Segment Open
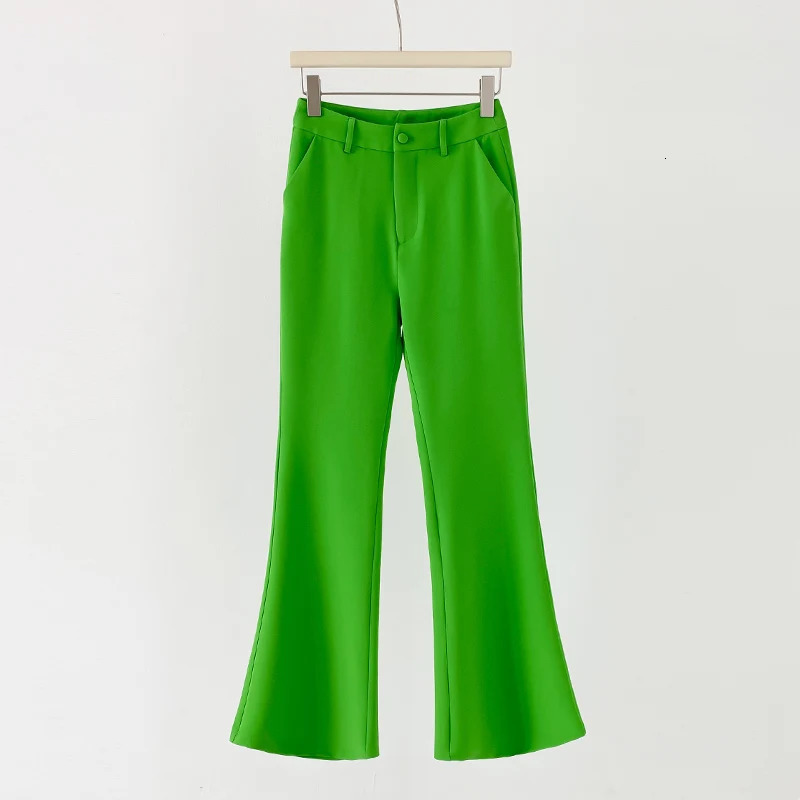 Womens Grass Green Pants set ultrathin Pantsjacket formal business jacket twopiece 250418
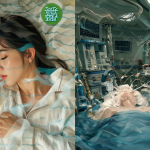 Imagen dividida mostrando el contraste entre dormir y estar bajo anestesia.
Segment Closed
Segment Open
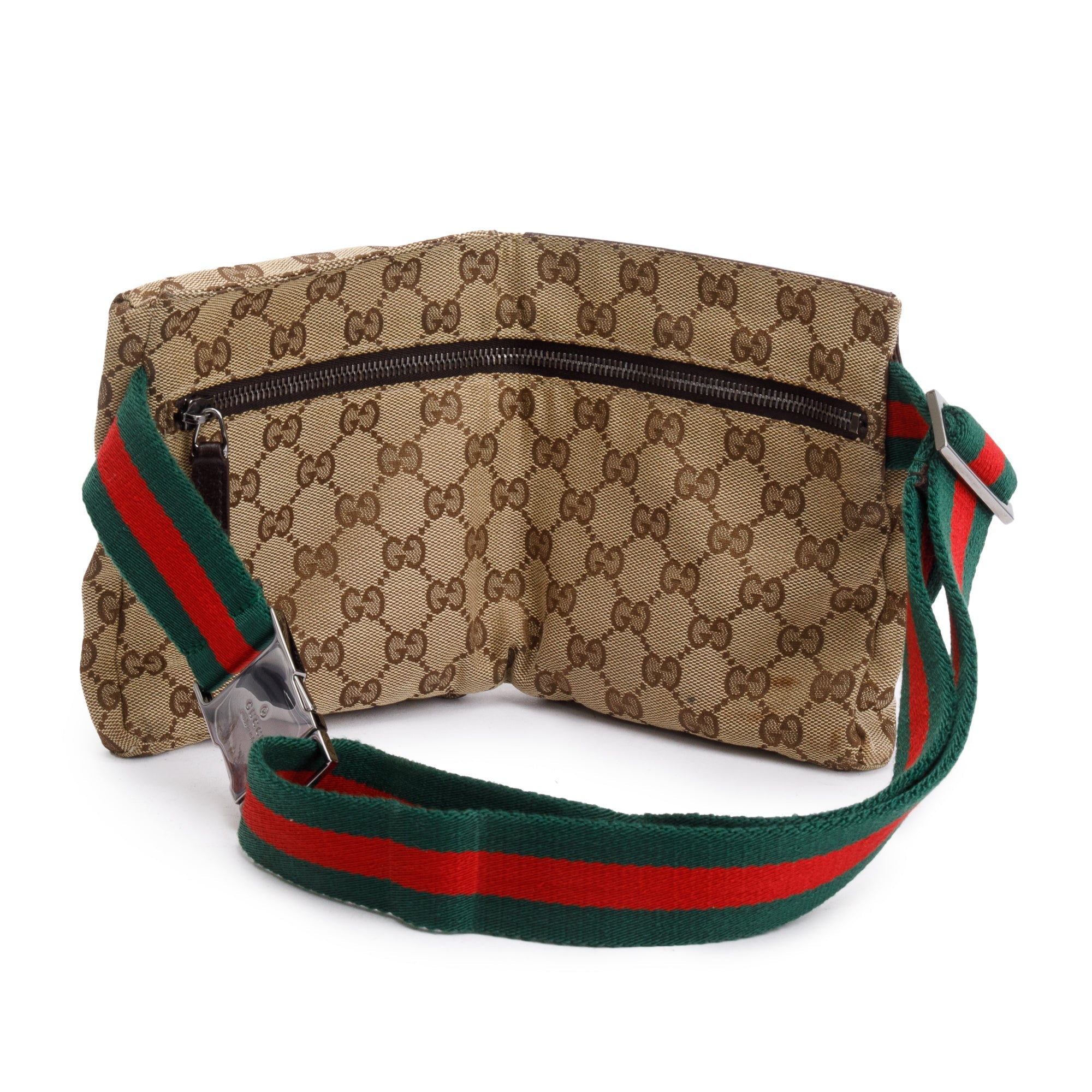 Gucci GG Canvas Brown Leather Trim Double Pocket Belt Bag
Segment Closed
Segment Open
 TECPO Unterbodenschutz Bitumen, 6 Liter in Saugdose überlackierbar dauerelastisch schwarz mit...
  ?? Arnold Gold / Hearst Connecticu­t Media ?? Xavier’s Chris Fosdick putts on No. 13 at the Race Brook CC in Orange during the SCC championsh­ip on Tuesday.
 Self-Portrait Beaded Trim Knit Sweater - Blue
Segment Closed
- [Action item]
Copy exactly, without pictures, the lines above from the one with "Womens Grass Green" down to the one with "Imagen dividida mostrando", inclusive.

- [Answer to the problem]
 Womens Grass Green Pants set ultrathin Pantsjacket formal business jacket twopiece 250418
 Imagen dividida mostrando el contraste entre dormir y estar bajo anestesia.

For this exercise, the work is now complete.